In the midst of these impending security challenges, the tangible gains made across the country risk halting, if not reversing altogether. In particular, the rights of women, which have been strongly defended in Afghanistan by NATO and Afghan troops, would collapse should an emboldened Taliban come to power. This is especially worrying considering regional partners may well prioritise a more stable domestic security situation in Kabul over continued progress on women’s rights – in addition to the explicit rights of traditionally marginalised ethnicities such as the Shia Hazara.
President Biden set the withdrawal deadline for the twentieth anniversary of the 9/11 atrocity, but does this politically arbitrary deadline reflect the security situation on the ground? Many think not. The crucial questions now turn to what outcomes NATO – and indeed regional allies – can still influence after the troop withdrawal. As Australia – a vital military ally in Afghanistan – announces the closure of its embassy in Kabul, there remain serious doubts about NATO’s effectiveness going forwards, as well as the very survival of the Afghan government.
The Henry Jackson Society is pleased to invite you to this timely and informative event, where we will hear from expert speakers, practitioners and policy makers, who will discuss key themes around this highly topical issue.
Naheed Farid is a Member of the Afghanistan Parliament representing the people of Herat. Mrs. Farid serves as the Chair of the Human Rights, Civil Society and Women’s Affairs Commission where she is a vocal champion for Afghanistan’s women and a strong supporter of human rights. Mrs. Farid became the youngest person ever to be elected to the Afghanistan Parliament in 2010 at the age of 27.
Col. Richard Kemp CBE is a retired British Army officer who served from 1977 to 2006. Kemp was an infantry battalion Commanding Officer. Among his assignments were the command of Operation Fingal in Afghanistan from July to November 2003, and work for the Joint Intelligence Committee and COBR.

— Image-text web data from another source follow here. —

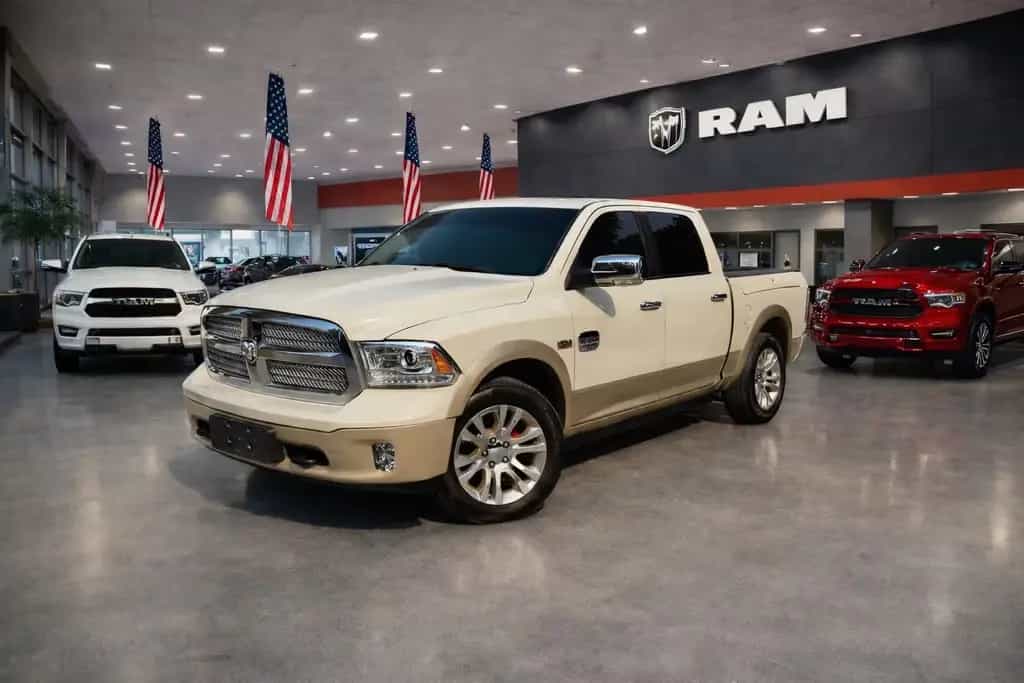 Dodge RAM 5.7*4X4*LONGHORN*RAMBOX*AHK*NAVI*CLEAN CARFAX* 12/2017-photo-0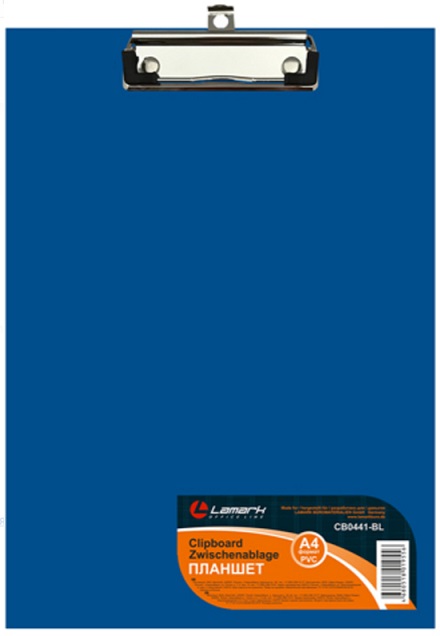 Папка -клип-борд А4 2мм синий PVC Lamark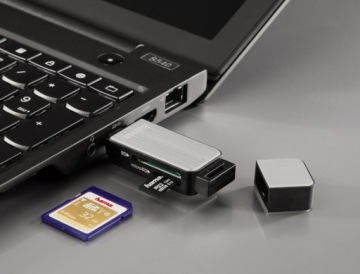 КАРТРИДЕР Hama SD/MicroSD 3.0 Серебристый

Lynne O’Donnell is an Australian journalist, war correspondent, author, and analyst. She was the Afghanistan Bureau Chief for Agence France-Presse and the Associated Press between 2009 and 2017. In 2011 she won the Amnesty International Human Rights Press Award for her series of stories on Afghan women. Lynne is currently based in Kabul.
Haji Ajmal Rahmani is a Member of the Afghanistan Parliament representing the people of Kabul. Mr. Rahmani serves as the Common Coordination Leader (Majority Whip) of Parliament. He is also the Advisory Board Chairman of the Afghanistan-US Democratic Peace and Prosperity Council, a Washington, D.C. based organization that advocates for closer ties between the U.S. Government and Afghan Parliament.
Robert Clark is a Research Fellow in the Henry Jackson Society’s Global Britain Programme. He completed a BA in International Relations and Arabic (First Class Honours) at Nottingham Trent University, and an MA in International Conflict Studies (Distinction) at King’s College London. Robert’s main research interests include emerging technologies within defence, alliance building and the trans-Atlantic partnership, and authoritarian threats to the global order. Robert’s most recent publications include for the NATO Defence College and Civitas. He has regularly submitted evidence for both the Defence and Foreign Affairs Select Committees, and is a regular contributor for the UK Defence Journal, in addition to writing for The Telegraph, CapX and The Wavell Room. Robert served for nine years in the British Army, serving in Iraq and Afghanistan.